In sintesi la gestione sostenibile deve salvaguardare e migliorare la funzionalità complessiva del bosco nei suoi aspetti economici (produzione, rinnovazione, infrastrutture connesse), ecologici (biodiversità, equilibrio fitosanitario, difesa del suolo, contributo al ciclo del carbonio) e sociali (tutela dei lavoratori, paesaggio, fruizione pubblica della foresta).
Il principio della gestione sostenibile ha posto per i boschi cedui due interrogativi:
- il sistema ceduo può considerarsi una gestione sostenibile?
- l’attuale meccanismo di rilascio delle matricine, che sono una componente del sistema ceduo, è ancora valido?
Il governo a ceduo, di per sé, non porta alla distruzione del bosco; l’ambiente, temporaneamente alterato dal taglio a raso, è ricostituito nel giro di pochi anni ([22], [32]).
Il degrado dei boschi cedui - perdita di fertilità, mortalità delle ceppaie, assenza di rinnovazione da seme - è stato quasi certamente determinato o favorito da altri fattori, come la coltura agraria ed il pascolo subito dopo il taglio, la raccolta della lettiera e della legna secca e l’incendio, che hanno interagito negativamente con la ceduazione a turni brevi ([28], [29], [30]).
Cambiare forme di governo con gravi sacrifici finanziari per lunghe attese, per poi ricavare a fine turno legna da ardere, appare un non senso.
In letteratura si dà per scontato che il sistema ceduo può considerarsi, in linea di principio, una gestione sostenibile se, ovviamente, ne vengono rispettati i presupposti ([10], [12]).
Regolamenti forestali
La prima legge dello Stato unitario 3917/1877 prevedeva, per la tutela del boschi, due distinti regolamenti, dei quali uno (Prescrizioni di massima) dettava norme per la coltura silvana e per il taglio dei boschi ed era approvato dal Comitato Forestale (art. 4) e l’altro (Prescrizioni di polizia forestale), disciplinava tutte quelle attività (accensione di fuochi, depositi di legnami, movimenti di terreno, pascolo, ecc.) che potevano causare danni ai boschi ed era proposto dallo stesso Comitato, approvato dal Consiglio Provinciale e reso esecutivo dal Ministero Agricoltura, Industria e Commercio (art. 24).

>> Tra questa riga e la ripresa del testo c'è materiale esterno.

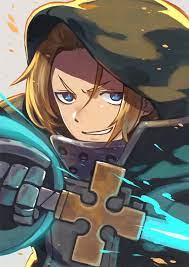 fire force 炎炎ノ消防隊 壁紙 キャラクター 壁紙 アニメ 作画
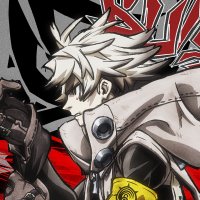 The anime for stylish action manga Gachiakuta will be a Crunchyroll exclusive and the hit series could be the next big shonen star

Le normative furono confermate dalla legge Luzzatti 277/1910. Nel Testo Unico 3267/1923 con l’art.10 i due regolamenti furono unificati e sono oggi noti come Prescrizioni di Massima e di Polizia Forestale.

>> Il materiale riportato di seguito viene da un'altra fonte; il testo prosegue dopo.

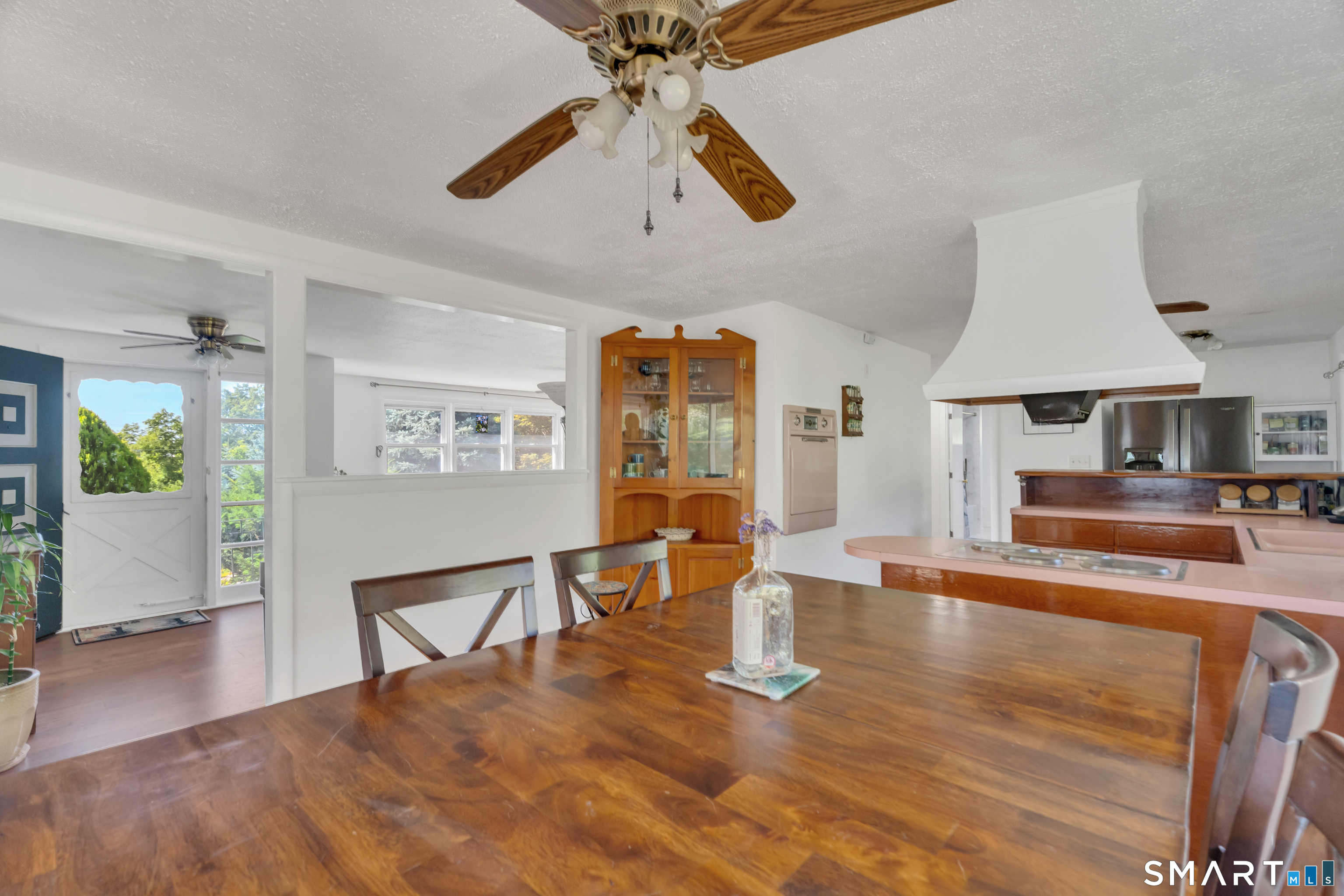 449 Brushy Plain Road Branford, CT 06405 - Photo 16 of 39 Gallery Image 16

Il primo schema in applicazione del Testo Unico fu redatto dal Ministero dell’Economia Nazionale nel 1927; un nuovo schema fu redatto nel 1957, successivamente nel 1963 modificato da una Commissione di Studio formata da tecnici e giuristi ([14]).

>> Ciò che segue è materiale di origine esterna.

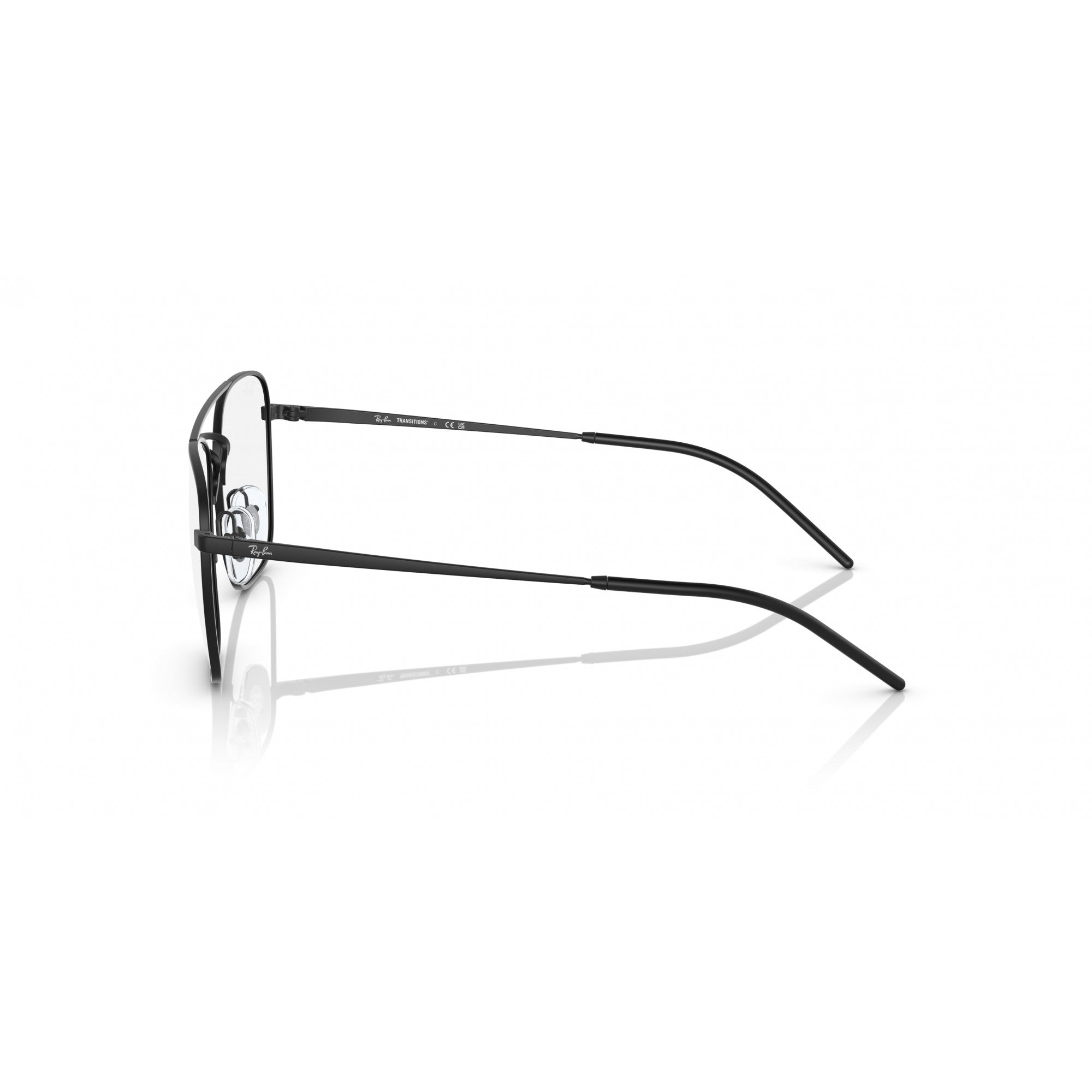 0RB3588 RAY-BAN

Con l’istituzione delle Regioni sono stati emanati nuovi regolamenti a carattere non più provinciale, ma regionale.
Per quanto riguarda il ceduo le Prescrizioni di Massima, sia secondo lo schema originario del 1878 che quelli successivi del 1927 e del 1963, prevedevano un numero minimo di matricine da rilasciare abbastanza limitato: 20-50 fusti (formati da piante da seme o da polloni), a seconda delle specie.
In effetti il Corpo Forestale dello Stato prescriveva, in sede di autorizzazione al taglio, un numero superiore di matricine, in contrasto con i regolamenti, per fare aumentare la massa legnosa da destinare a legname da opera, sia nel periodo dell’autarchia ed in quello successivo bellico (1930-1945) sia nei decenni successivi, allorché la crisi dei combustibili vegetali mise in difficoltà il sistema ceduo ed il legname da opera, ricavabile dalle matricine, aveva un buon collocamento sul mercato (traverse ferroviarie, tronchetti per imballaggio, ecc.).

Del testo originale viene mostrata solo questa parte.